TASK ITEM: Would you copy the listing below exactly, keeping the pictures out?

AVAILABLE DATA:
╭──

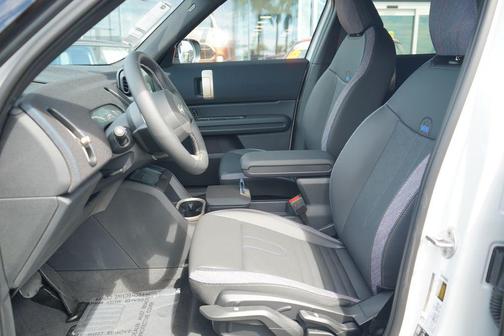 2026 MINI Countryman Cooper S ALL4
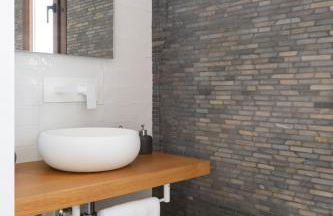 Villas Guzman - Artista - Photo 32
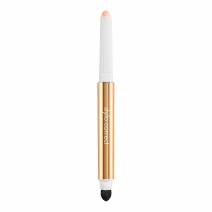 SISLEY Stylo Correct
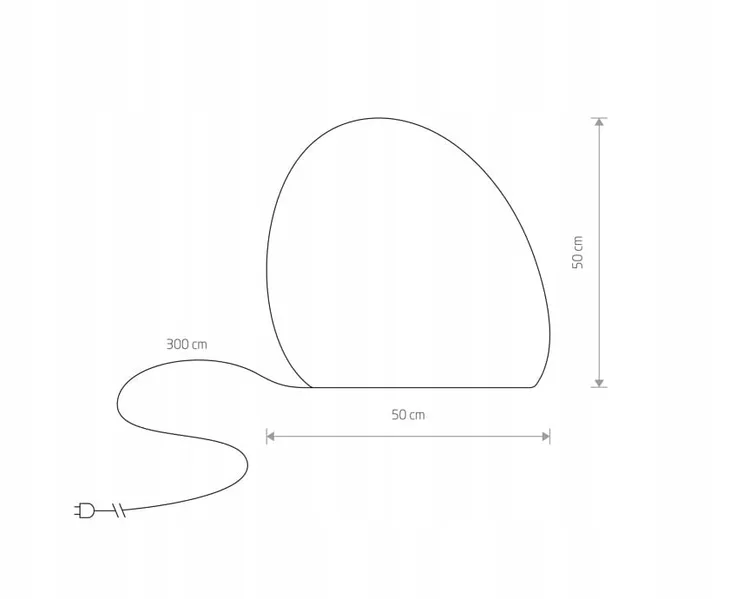 nowodvorski-10580-stone-m-e27-informacje-dodatkowe-wymienne-zrodlo-swiatla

╰──

RESPONSE TO THE TASK:
 2026 MINI Countryman Cooper S ALL4
 Villas Guzman - Artista - Photo 32
 SISLEY Stylo Correct
 nowodvorski-10580-stone-m-e27-informacje-dodatkowe-wymienne-zrodlo-swiatla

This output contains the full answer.